To celebrate a Grammy win, Fantastic Negrito donates to Oakland teachers

on March 27, 2019

After winning a Grammy for the second time, Oakland artist Xavier Dphrepaulez—better known as Fantastic Negrito—came to Oakland’s Impact Hub in early March for a celebration of local talent and to make a donation to support Oakland’s teachers, who had begun a strike a few days earlier. “Feels good, because you know, just four years ago I was playing on the streets right here on Broadway,” he told Oakland North in an interview. “Four years, two Grammys … pretty good.”

Fantastic Negrito has won two Grammys in the Best Contemporary Blues Album category. The first one was in 2017 with “The Last Days of Oakland“ and the second one, this year, with “Please Don’t Be Dead.”

Dphrepaulez was raised in Oakland, and he said started his music career during his teenage years as a way to escape the crack epidemic. When searching for music knowledge, he said, he pretended to be a UC Berkeley student to get into music classes at the university. “I stole my education. But, I guess, thank you, UC Berkeley,” he said with a laugh.

His career has had ups and downs, going from at one point having a multi-million-dollar recording contract in the mid-90s to playing in underground bars after a car accident caused him to lose part of his movement in his guitar-playing hand. His record label dropped him, and he had to relearn how to play with the opposite hand.
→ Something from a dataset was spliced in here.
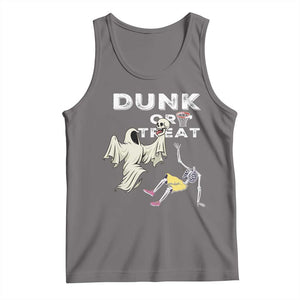 Halloween Dunk Or Treat Tank Top Funny Skeleton And Ghost Playing Basketball TS12 Deep Heather Print Your Wear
After the accident, he moved back to Oakland and paused his life in music for about five years. But after finding an old guitar, Dphrepaulez said, he was sure it was time to start playing again. He started what he called the “Fantastic Negrito playing-on-the-streets” phase of his career, playing outside of BART stations.
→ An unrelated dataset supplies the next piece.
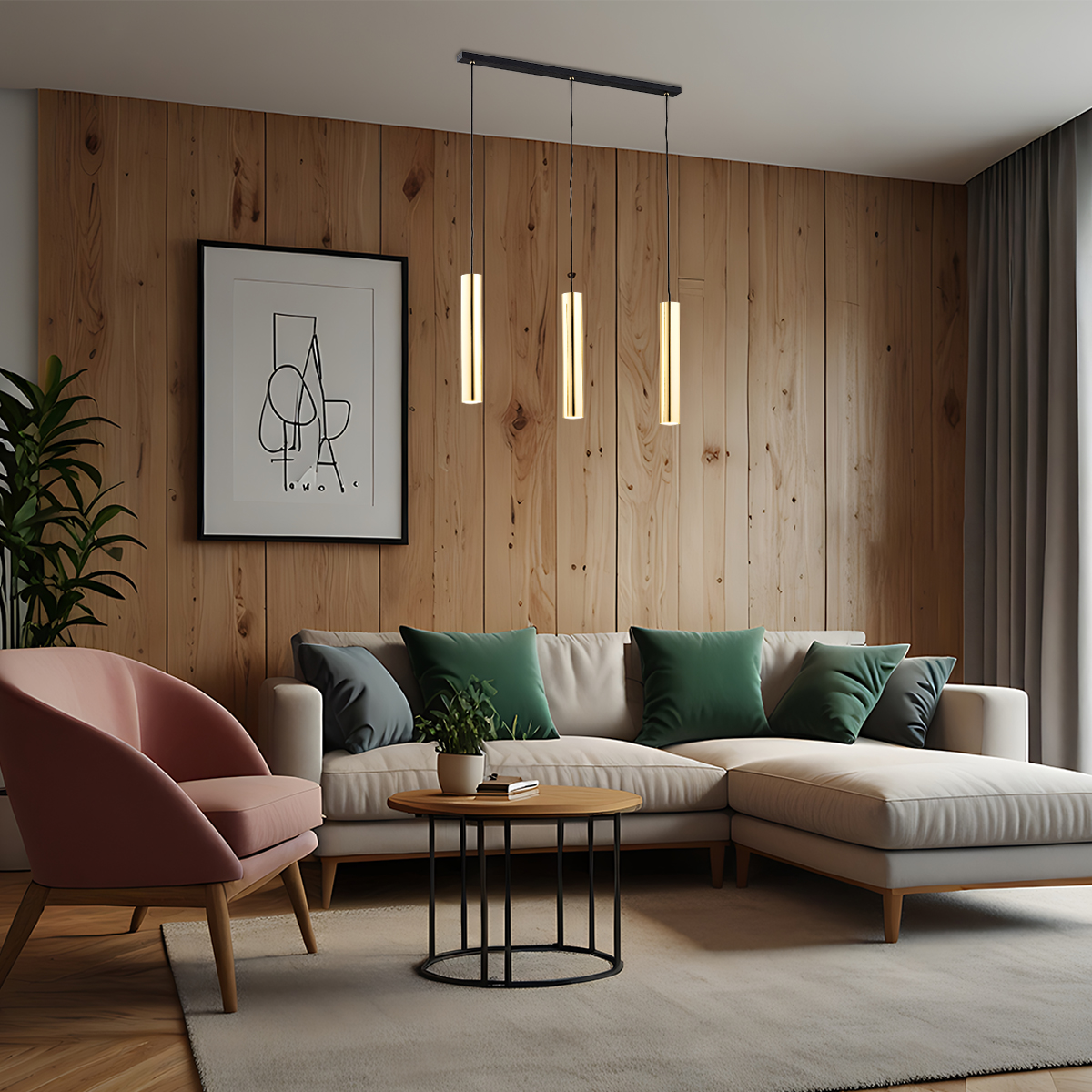 Argon Gomera Plus lampa wisząca 3x5W czarny/mosiądz 6113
Dphrepaulez is now 51 years old, and his path back to music was not easy. He said has a different musical style from what most producers are normally looking for, so he got a lot of “nos” and disapproval of his songs.
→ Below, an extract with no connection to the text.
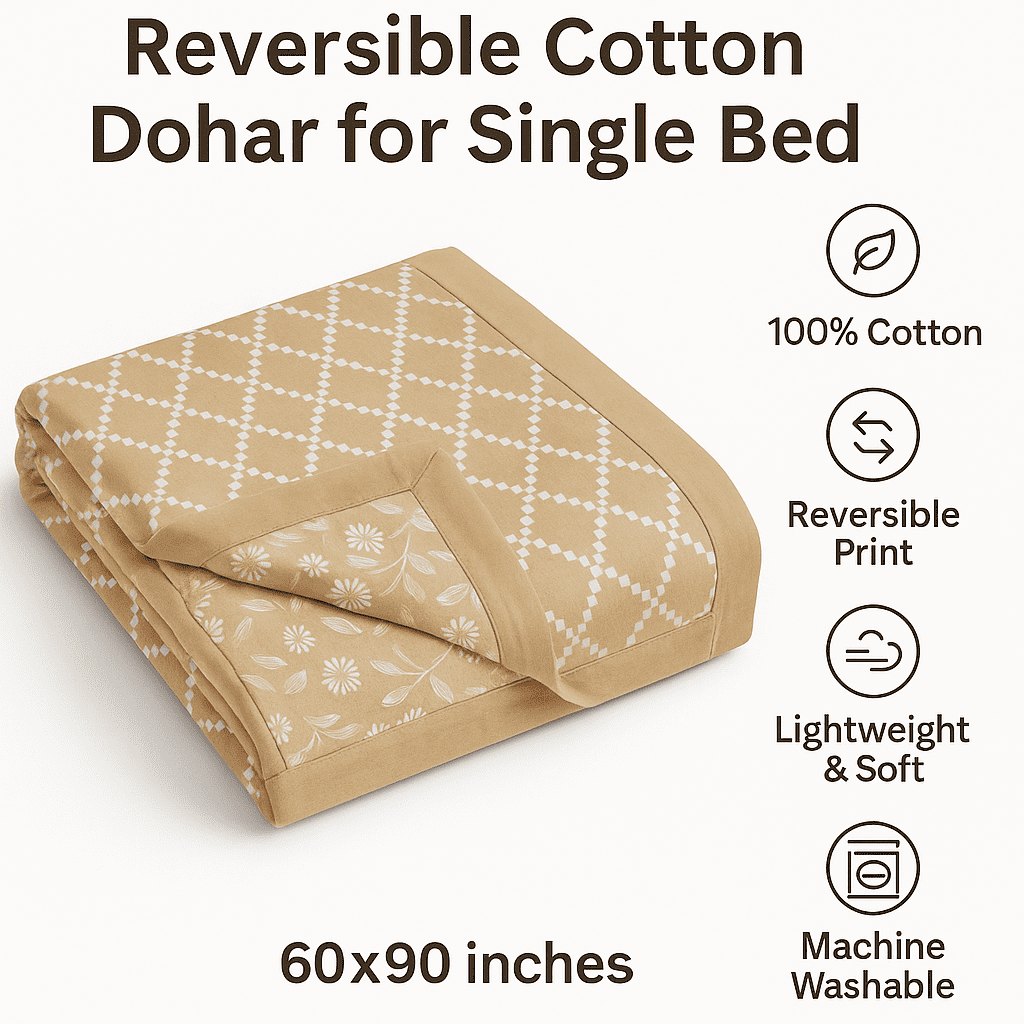 WonderWorks 100% Cotton Single Bed Dohar | Soft & Lightweight AC Blanket for All Weather | Reversible Design | 60 x 90 in. | Skin-Friendly | Ideal for Gift (Beige Geometric Reversible) - Image 5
“Four years ago people said ‘No’ to me,” he recalled. “I asked why and they said, ‘You are not a rapper. You are not a pretty girl playing pop. What are you? What is your music?’ I just went by myself and won a Grammy.”

To get his music published, he started his own record label in Oakland, Blackball Universe, together with the music producer Malcom Spellman. He also partnered with other artists to turn Fantastic Negrito into a band. They released their first album in 2014.

After their songs started to get the attention of other artists and music critics, he won the NPR Tiny Desk Contest, went on a European tour with Chris Cornell, and started playing music festivals.

During this year’s Grammy celebration, Dphrepaulez thanked the City of Oakland for giving him space to play and the Community Bank of the Bay, which sponsored the party and gave the artist $10,000 to donate to two local institutions of his choice. “He chose to give the first half of the money to the teachers that went on strike in the past few weeks,” said Bill Keller, president of the bank, as he attended the party.  

Dphrepaulez is still deciding on the second organization to receive the other $5,000. The band is currently on tour in South America so he hasn’t made the second donation yet.

The event was also a space to unite local artists and create a networking space for them. “As many great musicians as they have in LA and in that area, this is just one of my favorite areas for musicians,” said Mindi Abair, a singer from Los Angeles who recently moved to the Bay Area. “It is real. It’s beautiful.”

Mestiza, an Oakland soul-funk singer who was also in the event, said that the city is the starting place for many important and talented artists like Fantastic Negrito. “The scene has been really active,” she said. “You meet some of the best of the world in Oakland.”

“It’s something special in the water in Oakland,” agreed Dphrepaulez, as he recalled the artists who have started their careers in the city. “It is just so many talents.”